Decades of Bates students have proven Hansen’s statement true, studying hard and volunteering thousands of hours of community service to surrounding Lewiston.

How, then, did it all go so wrong?

Someone at the school called for an ambulance to help a young woman who was reported to have been injured after falling out of bed. The ambulance responded and the driver had difficulty getting through the throng of students partying in the street, and had more difficulty leaving because students refused to move.

Students have strongly disagreed that they didn’t move, but the college president reports that to be a known fact, as has the ambulance driver.

By their refusal to move, no matter if it was seconds or minutes, these students interfered with emergency workers’ urgent need to get their patient to the hospital. That’s not being responsible or respectful to one of their own classmates, and is a clear contradiction of Bates’ values.

Jeers to whoever hindered medical response.

And Jeers to every person who purchased and then delivered alcohol to anyone under 21 under the “It’s Only a College Party” guise of Throwback Night — a relatively recent tradition of seniors bringing parting gifts of booze to freshmen at the end of the school year.

Police didn’t charge anyone with supplying alcohol to minors. Perhaps they should have, especially since alcohol seems to have fueled ugly behavior.

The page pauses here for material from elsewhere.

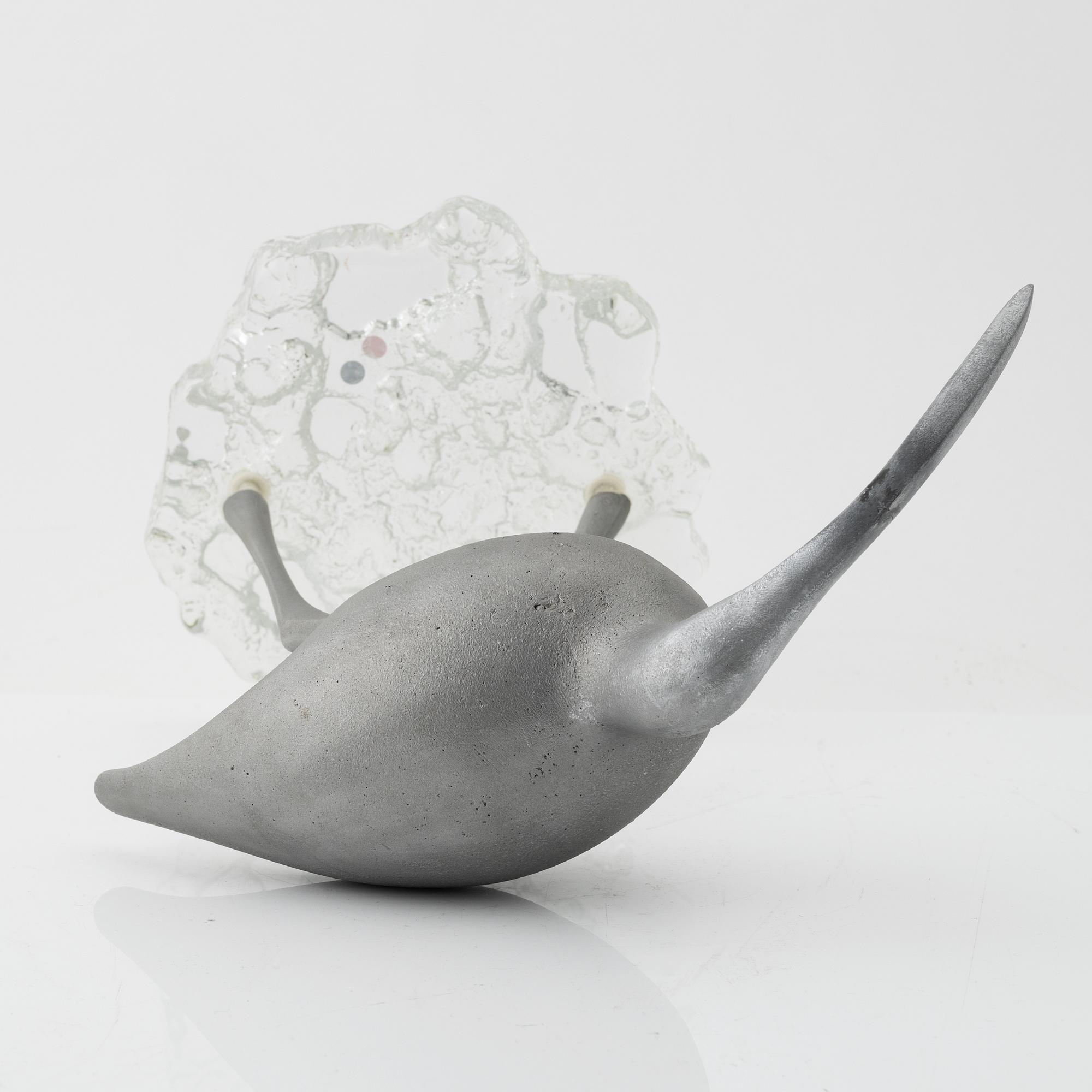 Tapio Wirkkala, an aluminium sculpture of a bird, 'Suokurppa' (Bog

The students who were arrested are an esteemed bunch, many of whom are set to graduate on Sunday. They include art and chemistry majors, varsity baseball and tennis players, and one of the top squash players in the country. These students are among an elite group accepted to study at Bates, and who satisfied the rigorous academic demands of the campus. They will, undoubtedly, go on to succeed as the investment managers and economists they aspire to be.

One lesson they apparently haven’t yet learned in their young lives, though, is that when law enforcement officers are called to an unsanctioned party where minors have been drinking and then instruct revelers to disperse — just do it.

Cheers to Shauna Riodan, a junior at Lisbon High School, who participated in an after-school demonstration Monday to bring public attention to proposed cuts to the school budget.

Some of her classmates demonstrated during the school day and were suspended for skipping school, but Riodan attended classes and joined the demonstrations after school. She was, most thoughtfully, exercising her First Amendment right to peaceably assemble to protest government actions.

In order to do that, though, she skipped a scheduled softball game, which made her ineligible to participate in a playoff game Wednesday. It’s part of the school’s rules of athletic participation that if you miss a game without the coach’s permission, you must sit the bench the next game.

Seems fair, especially when students know about the rule in advance. Riodan knew, decided to skip because she felt so strongly about supporting her teachers and her school, and she unhappily paid the consequence Wednesday.

She appealed the coach’s decision to the principal and athletic director, but they each upheld the school policy, which also seems fair.

Riodan said she doesn’t regret taking part in the demonstration, even though she was sad to miss the game, and said she would do it again because she felt so strongly about voicing her objection to the school cuts.

Monday was no ordinary school day for Riodan. She got solid and lasting lessons in participatory government, decision-making and consequences.